Clarifi is building a trauma-informed culture

Clarifi team members learned about trauma-informed approaches during a training session with Eda Kauffman (right) on June 8, 2023.

Trauma affects all of us.

As an organization that offers one-to-one counseling to low- to moderate-income people, many of whom have experienced racial and economic injustices throughout their lives, it is imperative for our staff to be trauma-informed.

This year, Clarifi began that commitment through an all-day training session with Eda Kauffman, a licensed social worker and trauma-informed expert. Under Eda’s guidance, we learned how integrating a trauma-informed, equity-centered lens in our work benefits both our clients and our fellow staff members.

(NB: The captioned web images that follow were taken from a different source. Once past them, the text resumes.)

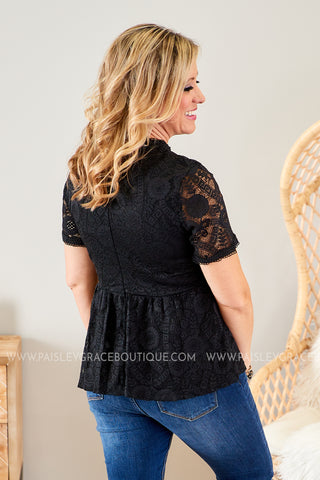 Pretty in Paris Lace Top- BLACK  - FINAL SALE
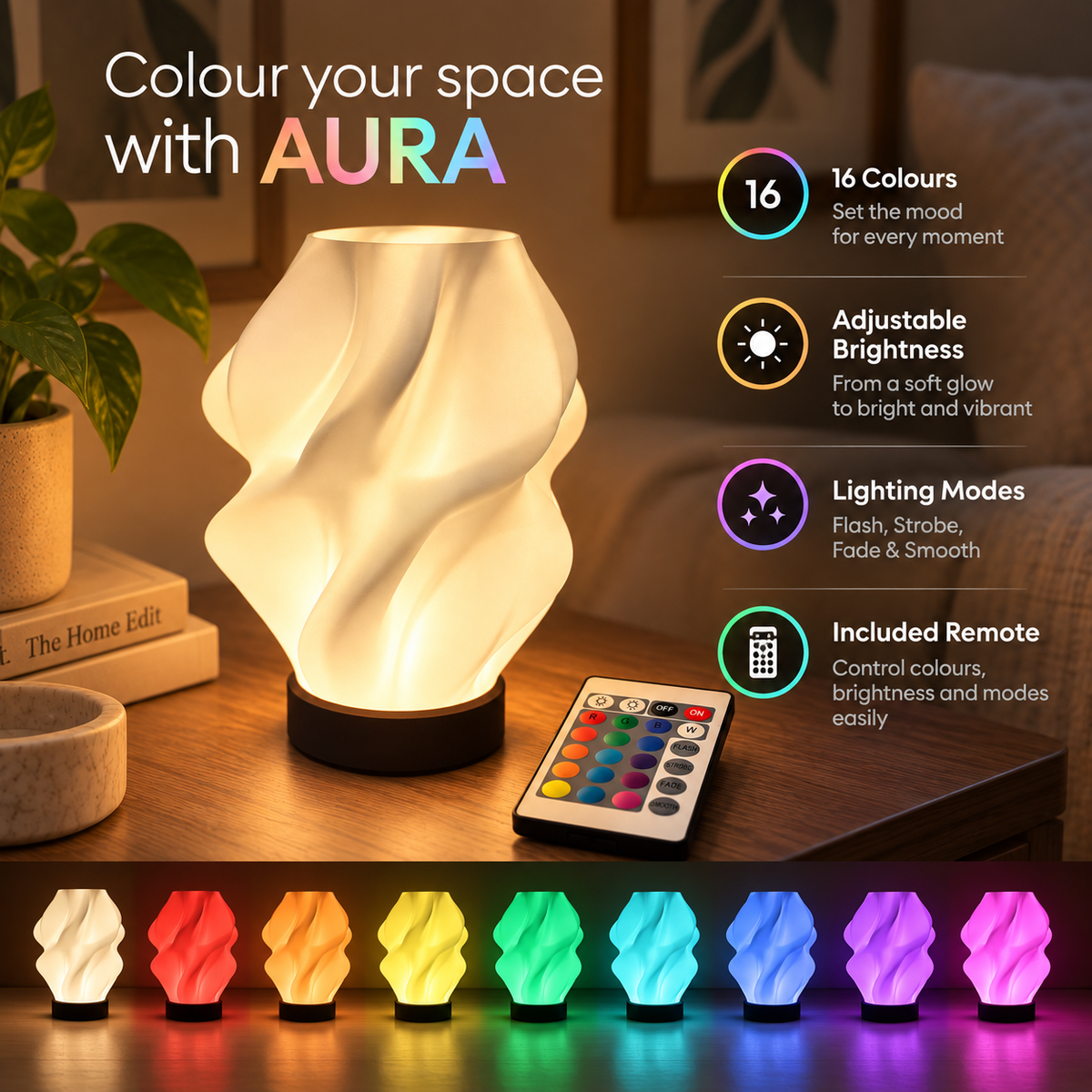 NEBULA RGB lamp with 16 colours, adjustable brightness, lighting modes and remote control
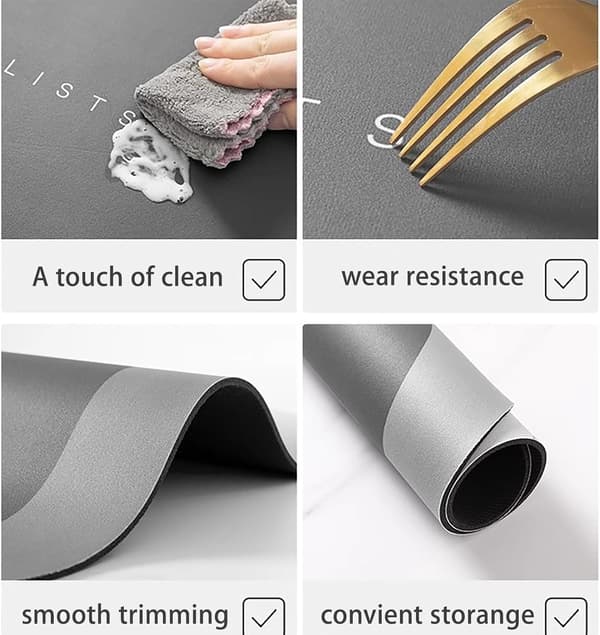 Trötthetsdämpande golvmatta, stor grå dämpad ståmatta för kök, kontor, badrum, ergonomisk komfortdesign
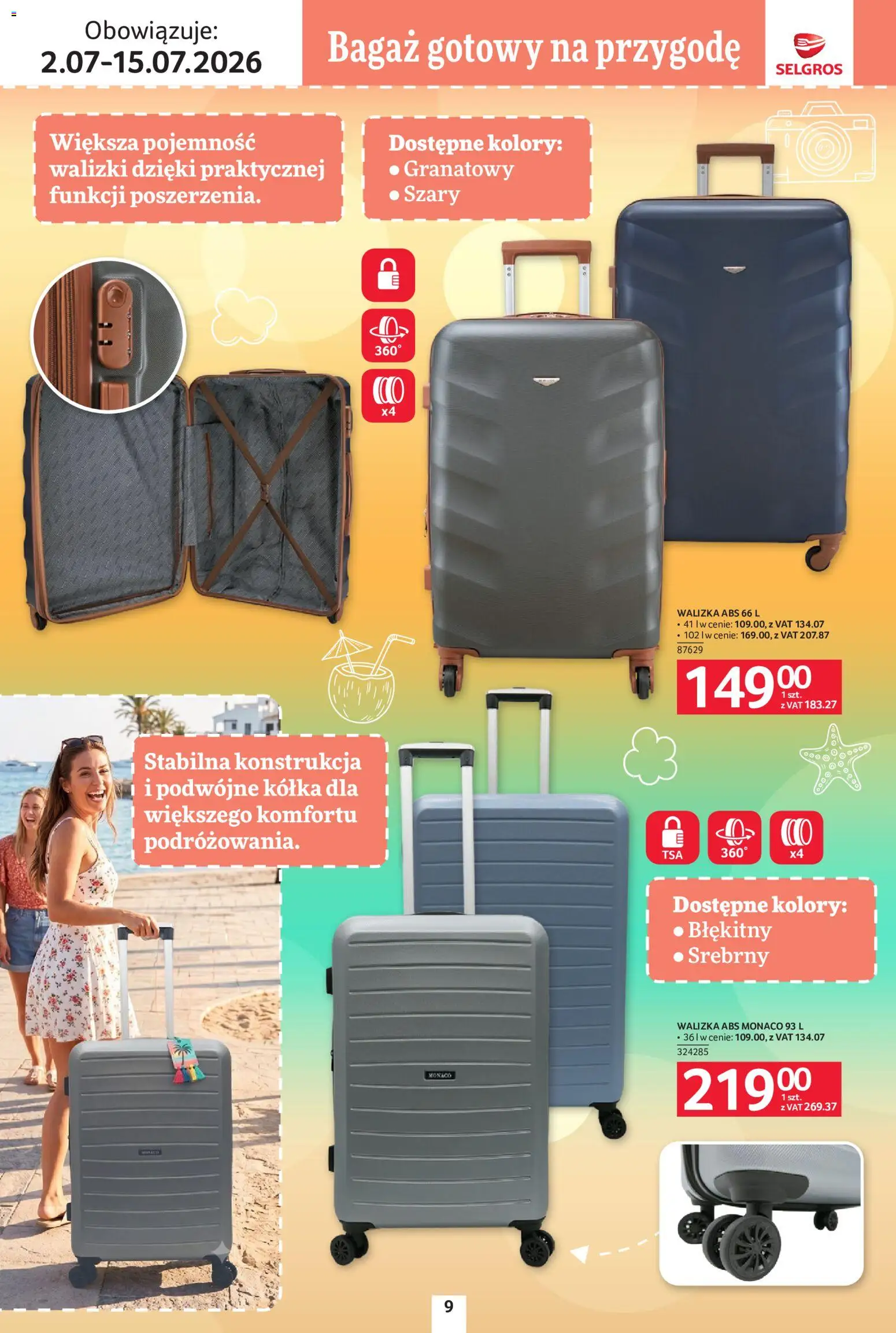 Selgros cash&carry gazetka - Urlop od 02.07.2026 | Strona: 9 | Produkty: Walizka, Walizki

According to some estimates, seven in 10 adults in the U.S. have experienced at least one type of traumatic event in their life.

Why trauma-informed?

Our team spent an entire day learning about trauma-informed approaches because we know how important it is to meet our clients where they’re at.

We can open Clarifi offices near our clients and offer our certified financial empowerment counseling, but we cannot have a true impact on our clients without first establishing a relationship of safety and trust. Safety makes space for managing feelings. That in turn allows people to deal with challenges and think about the future, opening the door for them to develop an action plan for long-term stability and success.

“Knowledge of the emotional, physiological, and neurological impacts of trauma changes the way we perceive and interact with others. When we meet adversity with compassion and a desire to validate & heal — rather than to judge or condemn — we manifest communities of care that empower people with self-knowledge and agency.”

Resilient Futures

A trauma-informed lens “offers survivors a chance to rebuild the connections and trust that were fractured by abuse and betrayal” and gives them “the space to make their own decisions,” per the National Network to End Violence. By building safe connections centered on transparency, responsiveness and empowerment, we create an environment where our clients can heal, grow and achieve their goals. This approach also supports our staff more deeply.

Key takeaway

When someone shows a trauma response, instead of reacting, blaming, disciplining or showing other negative behaviors — which can block personal growth and even lead to re-traumatization — let’s use empathy and compassion. When we listen without judgment, acknowledge the adversity, facilitate behavior changes and offer resources, we empower our clients to self-reflect, transform and build resilience.

What’s next?

We will continue this important work with Eda in future training sessions.

Thank you to BLBB Charitable for funding this first training session through the Healthy Workplace Grant, which is “designed to encourage happy, healthy teams within nonprofit organizations.”